Perm. Exhibition director convicted for attacking journalist

By Vassily Moseyev,
GDF staff correspondent in Volga Federal District

On December 17, the Motovilikhinsky District court in Perm sentenced Danil Fadeyev, executive director of the Permskaya Yarmarka (Perm Fair) exhibition centre to a fine of RUR 3,000, plus as much in moral damage compensation, for an attack on journalist Roman Yushkov.

R. Yushkov is a prominent personality in Perm. He is editor of the human rights newspaper Za Cheloveka and a member of the RF Journalists’ Union, which fact gives a big headache to law enforcement commanders who cannot boast of seeing eye to eye with Roman on how mass public actions should proceed. Besides, Yushkov is a member of the local environmental movement, which line of activity is often reflected in his newspaper reports, too.

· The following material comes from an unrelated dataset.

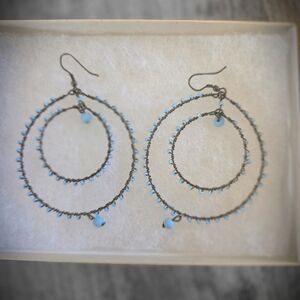 Elegant Blue Beaded Hoop Earrings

Last spring, activists of the organisation “In Defence of Animals” (ZZZ) came to an exhibition of hunting and fishing equipment wearing costumes of different animals – in protest against encroachments on wildlife. Roman, in costume of a bear, caused an outburst of aggression on the part of exhibition director Danil Fadeyev, who dashed towards Yushkov and started kicking him into the face (as he was down on his knees in line with the script). The journalist was left with a lacerated wound of his cheek. “I don’t see why he got as mad as that,” Yushkov commented. “He knew all too well I wasn’t in a position to fight back. I tried to reason with him, but in vain.”

Fadeyev later admitted in court he had been infuriated by “this intrusion into my exhibition centre”. He had attempted to give Yushkov a few more kicks at the time, but the journalist was already able to ward them off.

Justice of the peace Pankova qualified the attack on the journalist/ecologist as “necessary defence” and turned Yushkov’s legal claim down. But the district court of appeals cancelled that ruling and convicted Fadeyev under Article 116 of the RF Criminal Code (“Beating”). It had taken Roman Yushkov over 18 months to get full justice finally done to him.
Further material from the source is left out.